Tyrone.... That chassis is looking great. I absolutely love the contrast between the interior and the roll cage. Especially the Nitrous Bottles and the seat belt material. I gotta as did you use flocking or embossing powders for the interior? Nice job!
Tim... what more can I say but that is one Sexy Rear End . I can only imagine what it will look like once it is plated. That is one piece that is a work of art. All of those long and hard hours have totally paid off 10 fold. Be very proud of that work you have done there. I can only imagine what the rest of the car is going to look like. I will be honest I would love to see what you could do in 1/16th Scale
Alright Guys.... It's time for another small update. Honestly its not much but I guess I shouldn't complain because it is progress and things that I need to knock off my to do list. I worked on putting some Dzus fasteners on my under seat panels and got a little more work done to the distributor. I started out with using Dzus Fasteners from Future Attraction. Scott's parts are really nice if you haven't had the chance to use them yet:
Here is a close up shot of the Dzus fasteners after they have been glued to the panels:
I set the panels in the chassis to get an idea of what they will look like when installed:
Next I got a hole drilled into the distributor base to install the wires that will hook up to the Mallory Ignition box, right now I just have the wires pushed in there and not glued yet but I am going to do a test and see if I can mix in some black acrylic paint to the Krystal Klear white glue to see if I can get the white glue to tint black which when glued into place I will purposely have extra around the wires so that it will look like a rubber grommet like on the real part:
I can.... Knowing what goes in to the machining process and the time to set things up.
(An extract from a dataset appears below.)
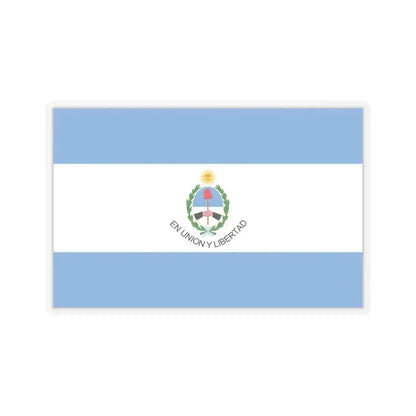 Flag of San Juan Province Argentina - STICKER Vinyl Kiss-Cut Decal 6 Inch Transparent - The Sticker Space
Let alone Tim probably spent a lot of time drawing things up to be able to machine it. I wish I could do this kind of work
Bill Depending on the brand of paint you may need a specific reducer. My understanding is that it is urethane colors correct?? What brand by the way? From my personal experience I pretty much use PPG and House of Kolor Automotive paints on my builds. I would say to pretty much stick with the brand of reducer for the brand of paint you are using but I will say that you can cross use them but if you do I would only recommend using a quality reducer like House of Kolor and PPG. I have used my House of Kolor reducer in some of the Hot Rod Flatzs Urethane color and it worked fine. I just wouldn't use a cheap brand of reducer in a quality brand of paint.
Ray.... I can understand the pain you are going thru. Just be thankful that you haven't been waiting for 3 years like me for some parts that have been paid for. I also get it that some of these resin casters don't want to hold stock due to space and maybe some of the parts not selling right away. But Harry is right that parts should be shipped in a timely matter.
Tim... That there is some incredible and admirable work my friend. I am loving it. I can see how you have so many hours into it and I can only tell you that the hours have paid off because its perfect. You have me itching to see this thing plated and when it turns out great from the plating I know I am going to want to know the secret as I have been having a real hard time using the plating system I have from Caswell on a few parts I have tired it on. I probably need to pull my plating kit out and experiment with a few pieces. I am already looking forward to your next update.